Was hat sie nun aber in Wahrheit den Arbeitern geboten? Nichts als eine wahrhaft hündische Schmeichelei, wie sie nicht leicht verhängnißvoller von kriechenden Höflingen gegen bethörte Fürsten geübt werden mag; nichts als im besten Falle die flachsten Eitelkeiten der Welt, die unfruchtbarsten Lärm- und Spectakelscenen. Straßenkundgebungen, wie der große Leichenzug bei dem Tode des Arbeiters Heinsch in Berlin, lächerlich-widerwärtige Ketzergerichte, wie sie vor einem Tribunale von ungebildeten Handarbeitern über Mommsen’s römische Geschichte gehalten wurden, tosende Volksversammlungen, wie diejenigen etwa, in denen Herr Most und Herr Stöcker – ein edles Brüderpaar – in rüstigen Fäusten das Banner der geflissentlichen Volksverdummung schwangen – das waren die Steine, welche die socialdemokratische Agitation den Arbeitern statt des Brodes gab.
Doch diese Dinge, so schlimm sie erscheinen, waren nicht das Schlimmste. Ungleich verderblicher wirkte die gänzliche Verrohung und Verrottung, die man in den Gemüthern der Arbeiter hervorzurufen suchte, um sie fähig und willig für eine gewaltsame Revolution zu machen. Denn hierauf und auf nichts Anderes lief die ganze Agitation hinaus.

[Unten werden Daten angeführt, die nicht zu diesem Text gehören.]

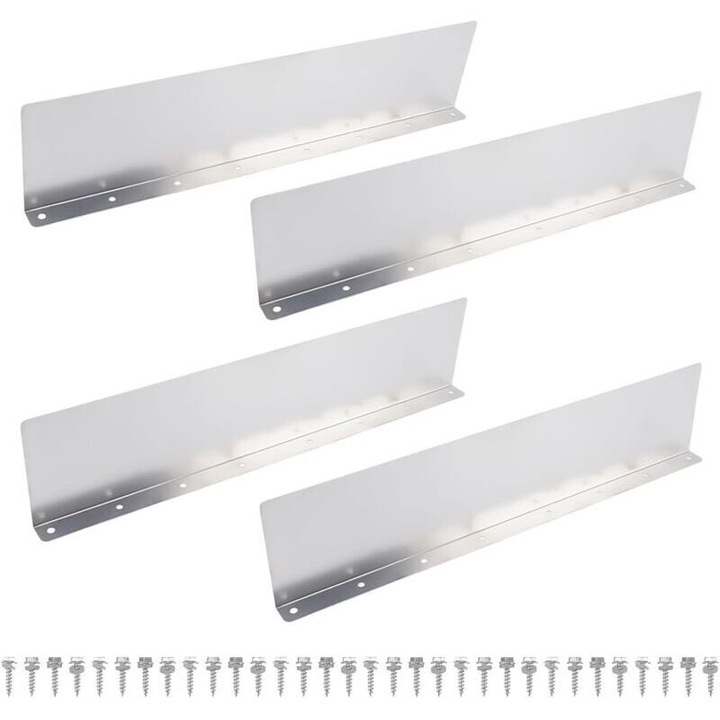 Set 4 aparatori aluminiu pentru jgheaburi dreptunghiulare, protectie ploaie, 32 suruburi, universal, 4x32cm
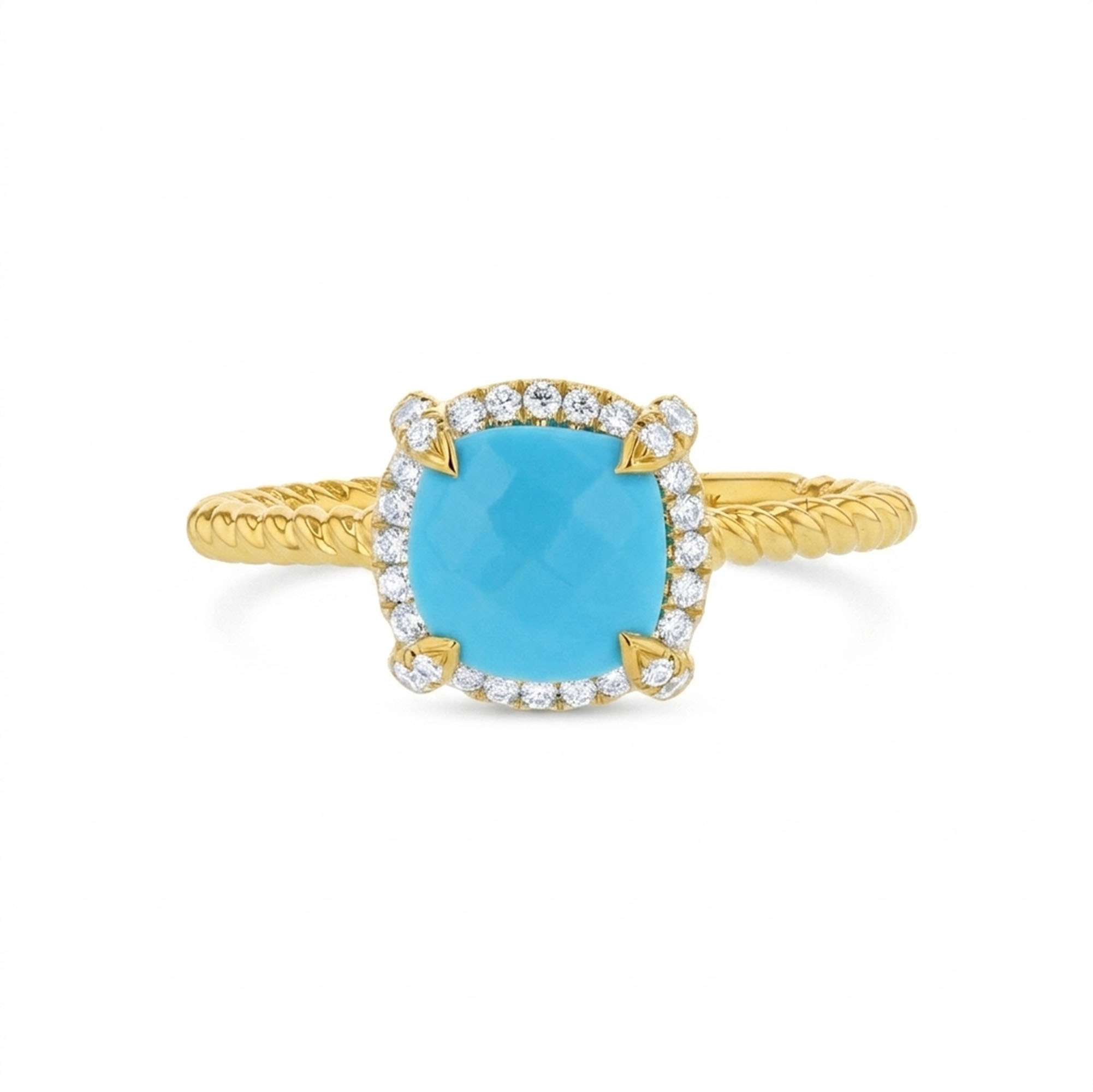 1.446tw Diamond and Turquoise Fashion Ring in14k White Gold
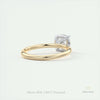 Cushion Cut Two Tone Solitaire Ring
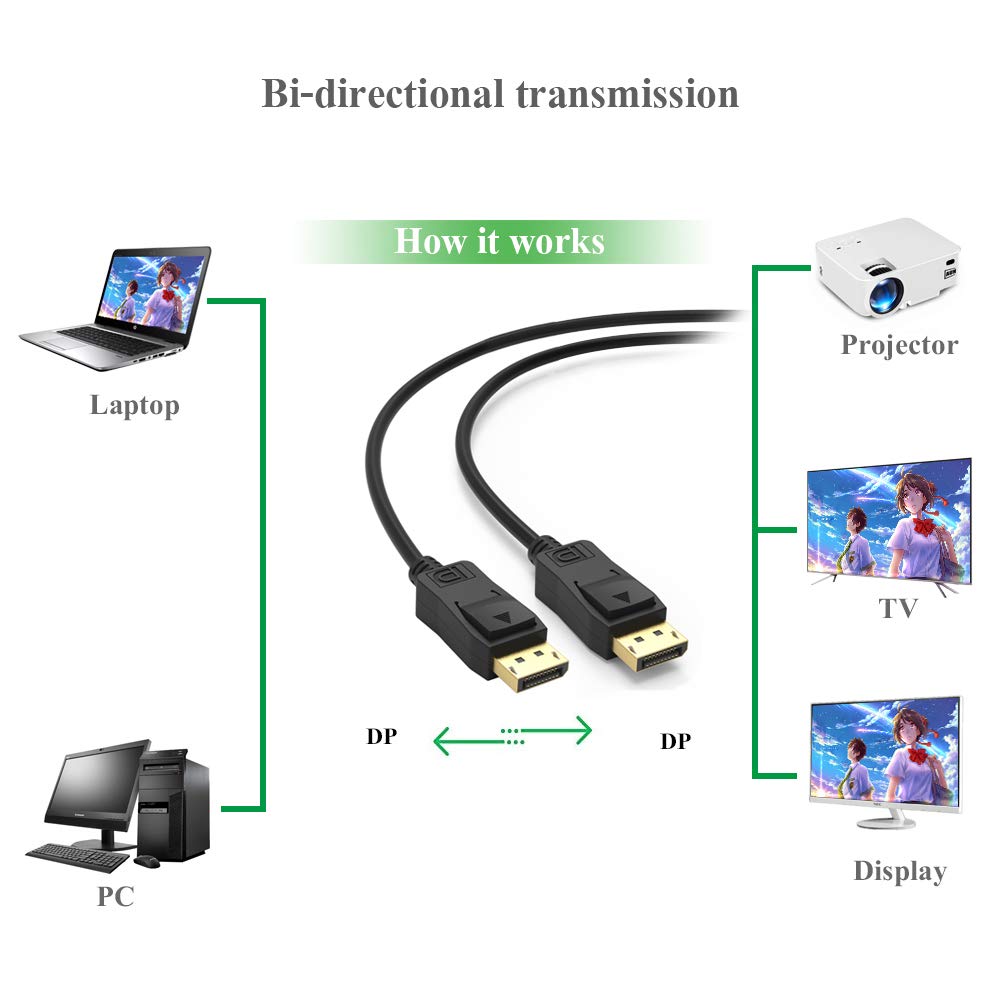 DisplayPort to DisplayPort Cable 6 feet 10-Pack X386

Heutzutage faseln die Demagogen zwar viel von ihren „friedlichen“ und „gesetzmäßigen“ Absichten, während noch vor wenigen Jahren der „Volksstaat“ das Streben nach einer „ruhigen Entwickelung des Staatslebens“ als einen „offenen Verrath an der Arbeitersache“ vervehmte. Nichts scheint rührender, als wenn die sozialdemokratischen Reichstagsabgeordneten mit einer zitternden Thräne an der Wimper sich als Opfer der gräulichsten Verleumdung hinstellen, weil man sie geplanter Gewalt beschuldigt, aber tatsächlich ist nichts komischer. Ihnen mag es gestattet sein, heute zu leugnen, was sie gestern behauptet haben, aber einstweilen sind sie die Werkzeuge von Marx, der sein ganzes System wie seine ganze Taktik auf den gewaltsamen Umsturz berechnet und seit mehr als dreißig Jahren keine passende oder unpassende Gelegenheit versäumt hat, diese Thatsache mit dem ganzen Nachdrucke seines unfehlbaren Prophetenthums hervorzuheben.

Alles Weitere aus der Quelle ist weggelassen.